Notre temporalité n’est pas la leur. Il est rare que Le Magazine Littéraire choisisse de revenir sur un événement éditorial qui apparaîtra peut-être dans un an ou deux comme relevant de la pure émulsion médiatique. Pourtant, cet achat massif, certains diront compulsif, de la brochure – et non du livre, c’est entendu – de Stéphane Hessel, titrée Indignez-vous ! nous intéresse. Nous nous garderons bien d’en tirer des considérations politiques ou de relever les faiblesses d’un texte qui pèche parfois par simplisme et souvent par relativisme. Il y a des degrés dans l’indignation comme dans la colère ou la révolte, et tous les événements qui heurtent notre conscience ne peuvent être placés sur un plan identique.
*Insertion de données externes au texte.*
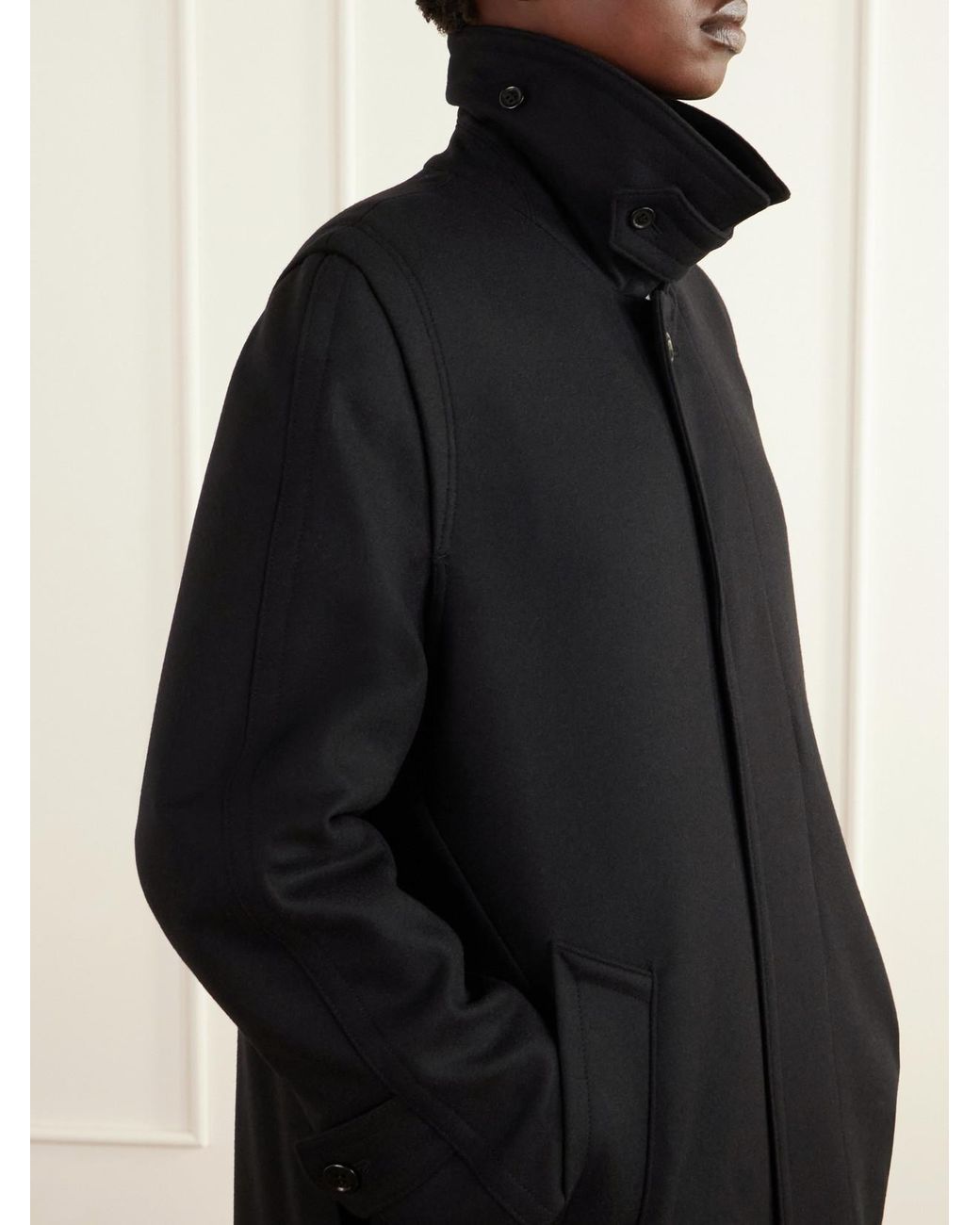 Rier Black Loden Felted Virgin Wool Coat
À l’inverse, il est préférable d’ignorer les aigreurs de certains essayistes ou philosophes se voyant, d’un coup, dépassés dans leur course vers les sommets de la gloire par un homme de 93 printemps. Hésiode nous le disait déjà : « Le potier en veut au potier, le charpentier au charpentier, le pauvre est jaloux du pauvre et le chanteur du chanteur » (Les Travaux et les Jours, v. 25-26).

On comprend leur amertume. Cette génération poursuivie par ses fantômes se demande : « À quoi cela servit-il de trahir nos “idéaux soixantehuitards” si l’on se fait aujourd’hui bousculer par une figure issue de la Résistance ? » Décidément, nos anciens ne savent plus se tenir. Ces snipers qui tirent sur Stéphane Hessel nous rappellent le mot d’Umberto Eco quand il parlait de « ceux qui veulent faire la révolution avec l’autorisation de la préfecture ».